Cost-Benefit vs. Cost-Effectiveness

Dans Geer and Conway have their new "For Good Measure" column up where they deprecate cost-benefit in favor of cost-effectiveness. It is a great column to learn about cost-effectiveness. The part that leverages true/false positives/negatives is particularly useful to folks trying to work out effectiveness of any controls. They also indirectly show a process that can be used to calculate ROI in security.

The only piece I take issue with is the initial assertion that cost-benefit is worthless. This, of course, is flawed. If you are operating in the interests of your enterprise, you can't opt-out of cost-benefit, you can only obscure it. Luckily, the meaning detective is at work to show you the light ;-) .

The article shows its true colors in the last paragraph of the first page:

The first test, if used alone, would leave you with nearly a million false positives—too many to
fix; the second test, if used alone, would cost you $100,000,000—completely unaffordable; but used together and in that order, you find 90% of the flaws for US$11,233.34 apiece.

Do you see all the value statements in the paragraph? the phrase "too many" and the word "unaffordable" topped with an implicit assumption that the $11,233.34 (note the impact of perceptual contrast) must somehow be "affordable" all suggest that the value is not worth it in the first two cases and clearly worth it in the final one.

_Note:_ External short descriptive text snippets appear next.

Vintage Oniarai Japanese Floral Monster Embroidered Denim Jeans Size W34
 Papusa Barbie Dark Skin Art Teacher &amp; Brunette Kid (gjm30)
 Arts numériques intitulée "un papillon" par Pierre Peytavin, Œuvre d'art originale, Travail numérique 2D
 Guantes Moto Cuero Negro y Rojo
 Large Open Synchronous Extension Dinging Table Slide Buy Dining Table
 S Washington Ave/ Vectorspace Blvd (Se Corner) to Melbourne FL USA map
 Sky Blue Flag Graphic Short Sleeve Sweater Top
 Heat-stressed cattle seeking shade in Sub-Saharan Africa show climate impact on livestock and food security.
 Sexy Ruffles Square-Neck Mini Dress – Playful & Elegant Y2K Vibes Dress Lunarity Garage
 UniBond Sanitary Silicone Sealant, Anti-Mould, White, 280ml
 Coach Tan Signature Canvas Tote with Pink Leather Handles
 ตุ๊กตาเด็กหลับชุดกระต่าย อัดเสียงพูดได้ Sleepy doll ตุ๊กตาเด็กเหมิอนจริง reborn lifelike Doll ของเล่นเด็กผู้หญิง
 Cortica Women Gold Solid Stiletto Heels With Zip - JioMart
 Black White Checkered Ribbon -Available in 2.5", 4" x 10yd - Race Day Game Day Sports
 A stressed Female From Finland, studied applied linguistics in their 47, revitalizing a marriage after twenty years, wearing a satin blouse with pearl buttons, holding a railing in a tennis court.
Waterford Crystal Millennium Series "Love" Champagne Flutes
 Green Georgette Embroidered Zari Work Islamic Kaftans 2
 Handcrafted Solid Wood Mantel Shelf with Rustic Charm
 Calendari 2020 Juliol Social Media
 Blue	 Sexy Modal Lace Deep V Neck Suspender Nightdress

So we have a rudimentary confidence interval of expected value between the "unaffordable" $100,000,000 and an "affordable" $10,000,000 (the $11k times 900 vulns).

A more detailed analysis would factor in risk to make the full value judgement, and there we have the makings of value which can be used in a cost-benefit analysis.

It is clear that the authors are working from experience to assess what is "worth it" or not. That is what we all do. But we shouldn't ignore the fact that we are making value judgements all the time and we can (should, and in many cases must) translate that with a bit more rigor, lest we end up spending too much in the first place.